La société française Aramis Group n’est pas en reste. Créée par deux associés en 2001, Aramis a été rachetée par PSA (devenue Stellantis) en 2016 car ses perspectives étaient déjà florissantes. Aramis possède à ce jour 3 centres de reconditionnement (dont l’un a ouvert en novembre 2021 à Anvers, en Belgique) et en en inaugurera 2 autres en France l’an prochain.
Le mois dernier, Aramis a annoncé un « chiffre d’affaires annuel proforma en forte croissance de 25,9 % » à 1,36 milliard d’euros, soit « au-dessus des objectifs révisés à la hausse en septembre 2021 ». La filiale de Stellantis se targue ainsi de connaître une croissance « tirée par les ventes de voitures reconditionnées » et entend dégager en 2021 « une marge brute par véhicule vendu supérieure à 2 150€. »
Il n’y a toutefois pas que les seuls vendeurs de voitures d’occasion à s’être donnés les moyens de leurs ambitions. En France, le premier groupe de distribution de véhicules neufs est Emil Frey, une entreprise de droit suisse. Elle vient d’ouvrir un centre de reconditionnement de voitures d’occasion à Poitiers, en ouvrira un autre à Lens en avril 2022 tandis que 3 nouvelles implantations sont encore prévues en France d’ici 2024.
L'entreprise, déjà considérée comme le troisième vendeur d’occasions en Europe, entend passer la vitesse supérieure pour atteindre une capacité de 150 000 voitures rénovées chaque année.
En Chiffres
11,5%
Hausse des prix en 2021 sur le marché français de l'occasion
Un diesel qui vaut de l’or
Le marché de l’occasion attire les convoitises en raison de la pénurie de véhicules neufs, mais pas uniquement. Le marché de la seconde main est aussi devenu le meilleur moyen de se procurer un véhicule diesel.

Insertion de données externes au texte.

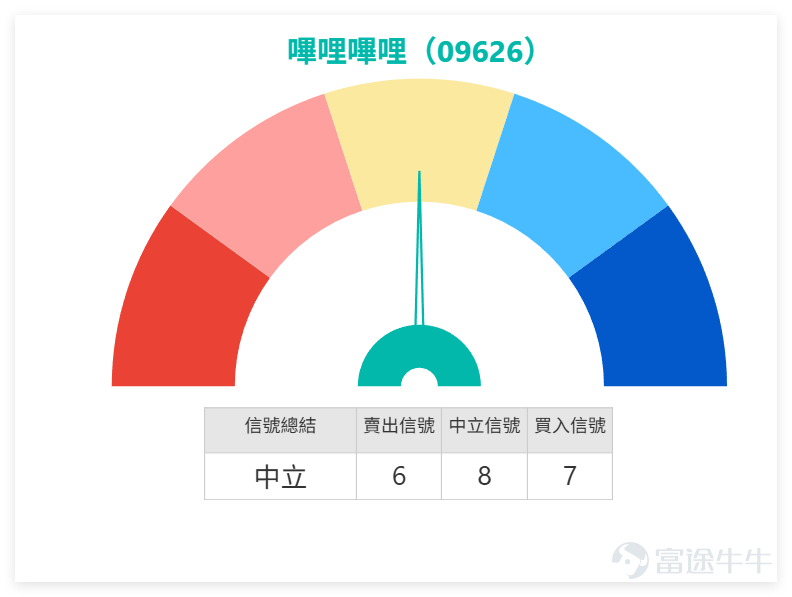 February 2nd,$BILIBILI-W (09626.HK)$ The stock came under pressure, closing at HKD 259.6, down 4.91% in a single day with a trading volume of HKD 1.57 billion. The trading volume was moderate without significant abnormal increase or decrease. The current share price (HKD 259.6) is below the MA10 (HKD 263), but above the MA30 (HKD 231.46) and MA60 (HKD 217.62), indicating short-term weakness but medium-term support remains intact and not completely broken down. The RSI indicator is at 61, in a moderately strong range, not entering overbought or oversold territory, suggesting ongoing market tug-of-war without one-sided movement. MACD, Williams %R, CCI, and other oscillating indicators overall show neutral signals, further confirming a state of short-term balance between buyers and sellers. The summary technical signal is 'sell' with an intensity of 8. Multiple moving average lines indicate sell signals, while there are divergences among indicators such as Bollinger Bands and Ichimoku Cloud. Overall, short-term market sentiment leans cautious; blindly chasing the trend is not recommended. On February 2, the internet and new economy sectors represented by Bilibili performed weakly, with most stocks recording declines, reflecting a risk-averse market sentiment. 1、 $KUAISHOU-W (01024.HK)$: Closing price HKD 77, down 3.93%. The stock price is below MA10, RSI at 53, technical signal indicates sell, short-term momentum is weak, with noticeable resistance at HKD 82.4; 2、 $MEITUAN-W (03690.HK)$Closing price 94.85...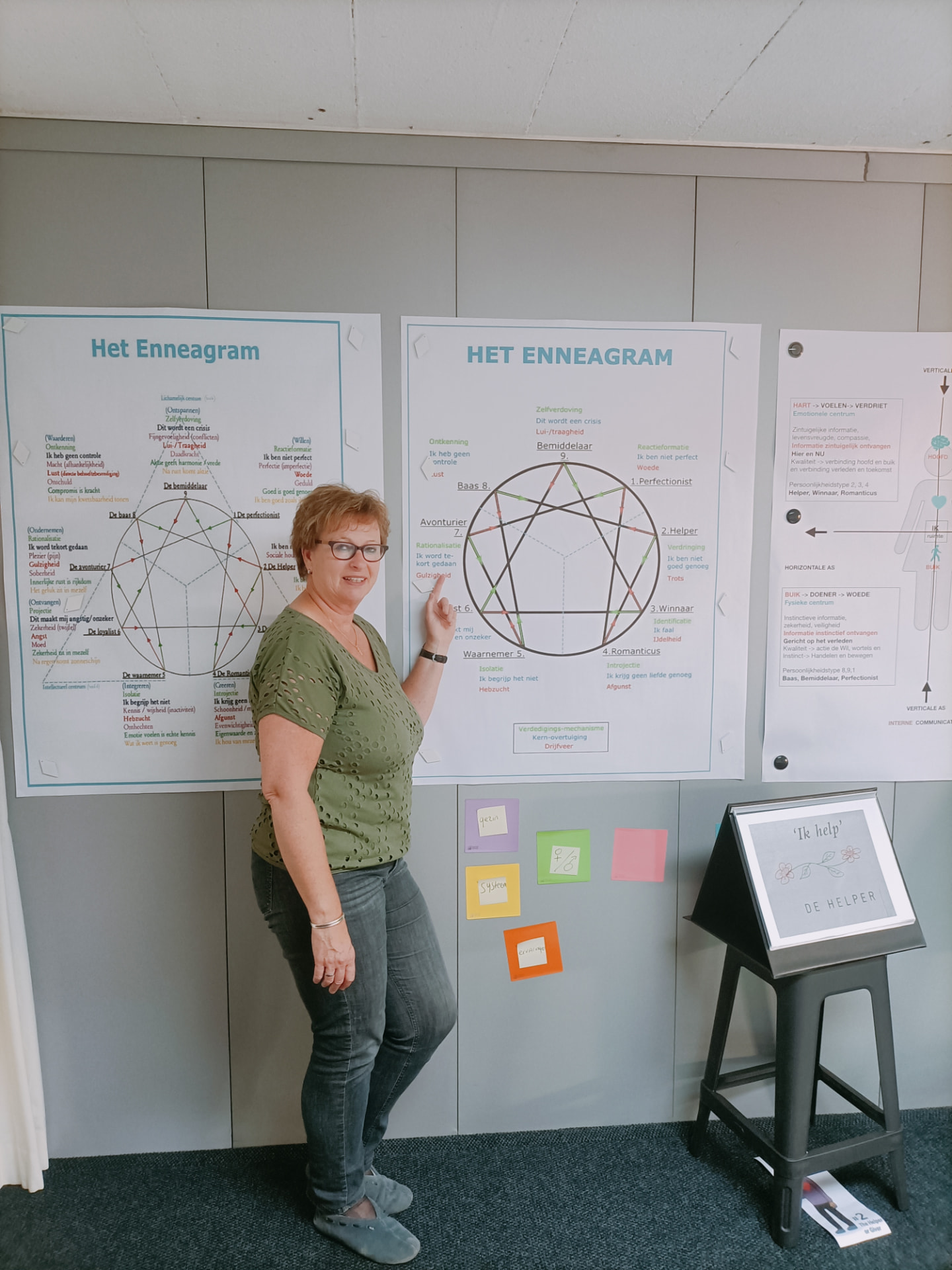 Jeanette Wiersema geeft uitleg over de negen Enneagram-types tijdens een Enneagram workshop in Musselkanaal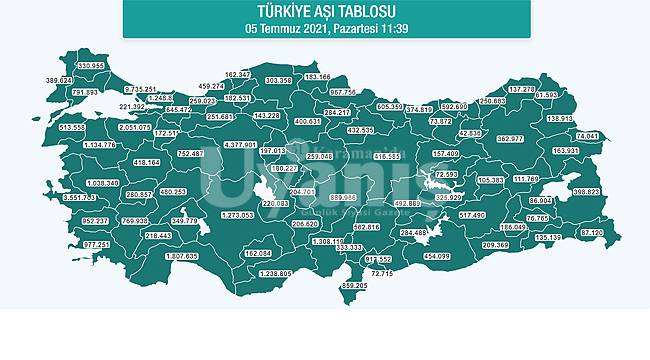 Karaman'da Aşı Olanların Sayısı 162 Bini Geçti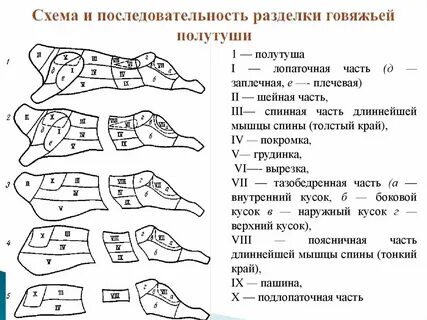 Категории отрубов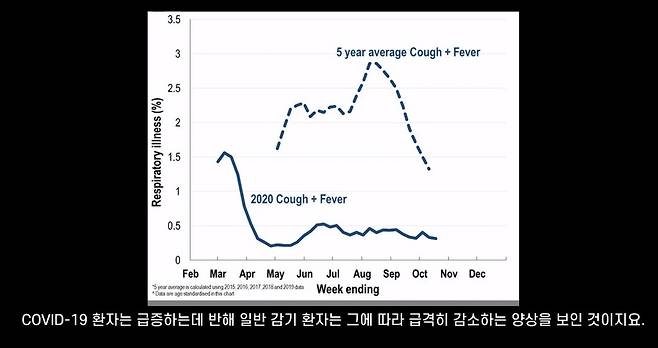 코로나19 확진자로 둔갑한 감기 환자? 코로나19 음모론 제기 영상은 이 그래프를 토대로 '감기 환자가 줄어든 대신 코로나19 환자 수가 급증했다'고 주장했다. 그러나 위 그래프는 호주와 뉴질랜드 통계를 바탕으로 만들어진 것이며, 이 두 국가에서는 이 시기 코로나19 확진자 수가 급증하지 않았다
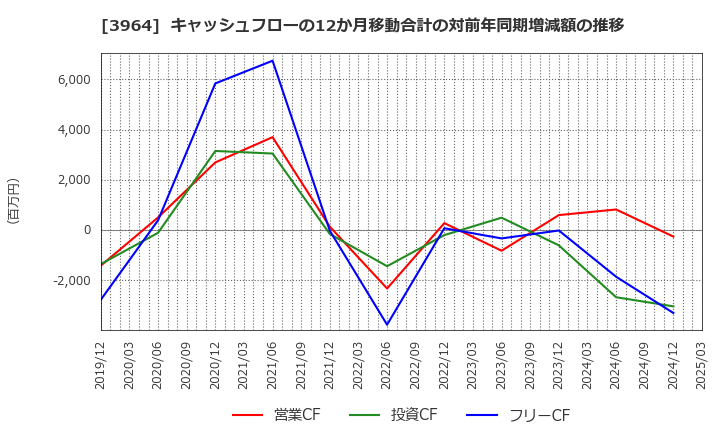 3964 (株)オークネット: キャッシュフローの12か月移動合計の対前年同期増減額の推移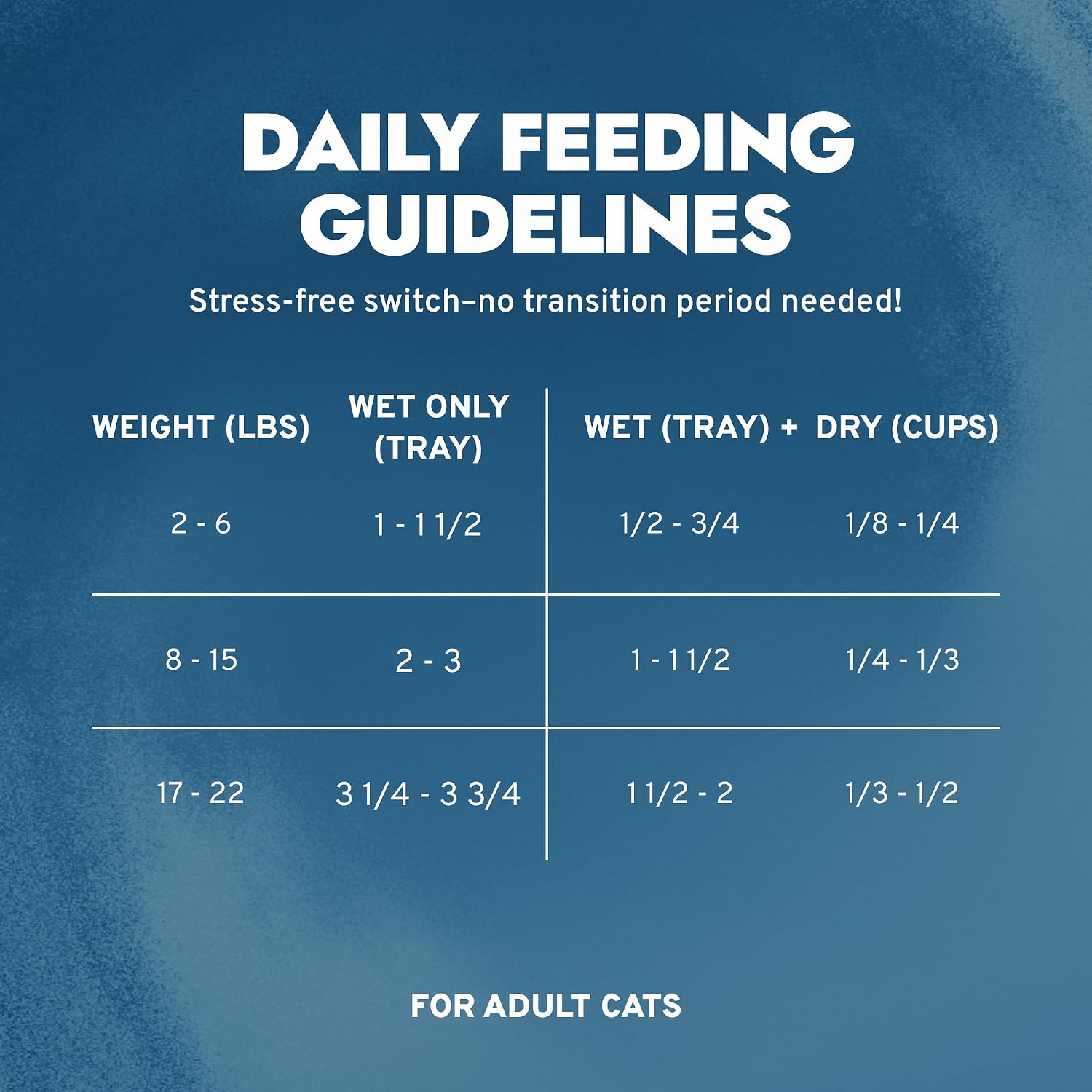 Forza10 Actiwet Dermo Wet Cat Food - 3.5 oz, 32 Pack - Salmon Flavor | Vet-Formulated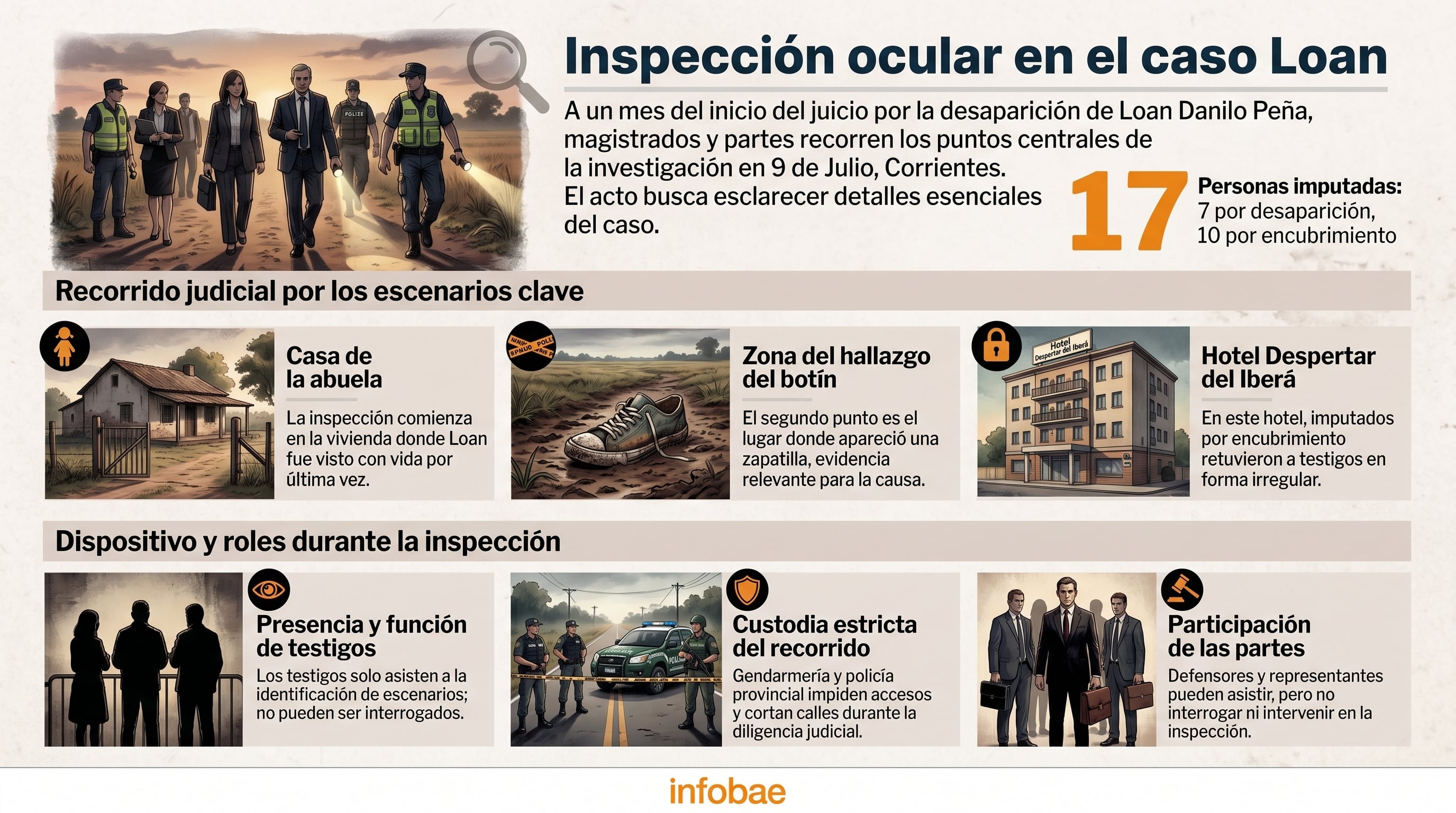 Inspección ocular por el caso Loan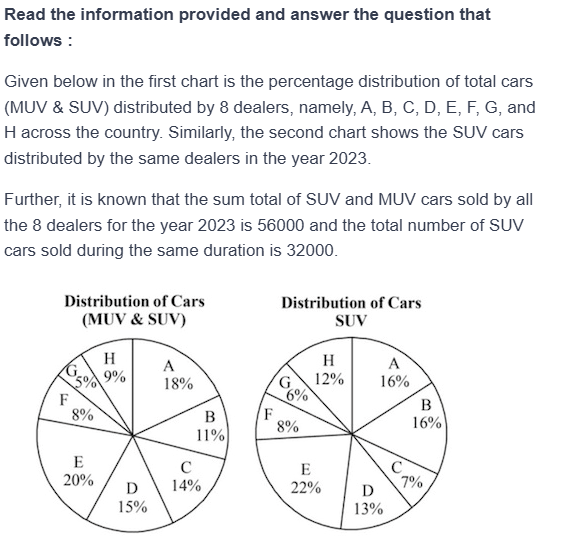 Figure for MBA CET 2025 Slot 1 question 145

Cette motorisation désormais honnie des pouvoirs publics est en effet en train de déserter les catalogues. Il n’est par exemple plus possible à ce jour de se fournir un Renault Scénic diesel neuf. Pour autant, les gens qui ont besoin de ce genre d’engin apte à avaler les kilomètres à moindre coût ne se voient pas encore proposer de solution alternative.
La ruée sur les diesels d’occasion est donc une réalité. L’offre est inférieure à la demande et les valeurs résiduelles (valeur à X année après l’achat) de ces voitures demeurent solides : selon Autovista, un diesel perd 43,5% de sa valeur au bout de 3 ans. À comparer aux 55% de perte subis par les véhicules électriques, dont la durabilité dans le temps, et en particulier des batteries, n'a pas encore été démontrée…
« On a une vraie demande de la part des gens qui vivent dans les territoires ruraux, ou qui vivent en périphérie des villes et qui ne sont pas concernés par les zones à faibles émissions » indique Yoann Taitz, le spécialiste des valeurs pour le compte d’Autovista.
Tous les ingrédients sont désormais réunis pour que les voitures d’occasion atteignent des sommets. « Les stocks sont en train de fondre chez les concessionnaires spécialistes de l’occasion et les prix sont en nette progression » fait ainsi savoir Vincent Hancart, le directeur général France d’Autoscout 24.
D’après la société spécialiste des petites annonces, les prix auraient grimpé de 11,5% sur le marché français cette année. Auto 1 précise que le tarif moyen des voitures livrées par Autohero en Europe est passé de 12 828€ au 3e trimestre 2020 à 14 174€ au 3e trimestre 2021.
« Compte-tenu de la dynamique de marché actuelle, les vendeurs d’occasion sont bien plus ravis que les acheteurs » résume Andy Shields, l’un des dirigeants d’Indicata, une société spécialiste des valeurs des voitures de seconde main.
Loi de l'offre et la demande
Mécanisme économique qui permet d’expliquer comment se fixent les prix d’un bien ou d’un service. Si l’offre est supérieure à la demande (s’il y a plus de produits à vendre que d’acheteurs), les prix ont tendance à diminuer. Si au contraire, l’offre est inférieure à la demande (s’il n’y a pas assez de produits pour tous les acheteurs), les prix ont tendance à augmenter.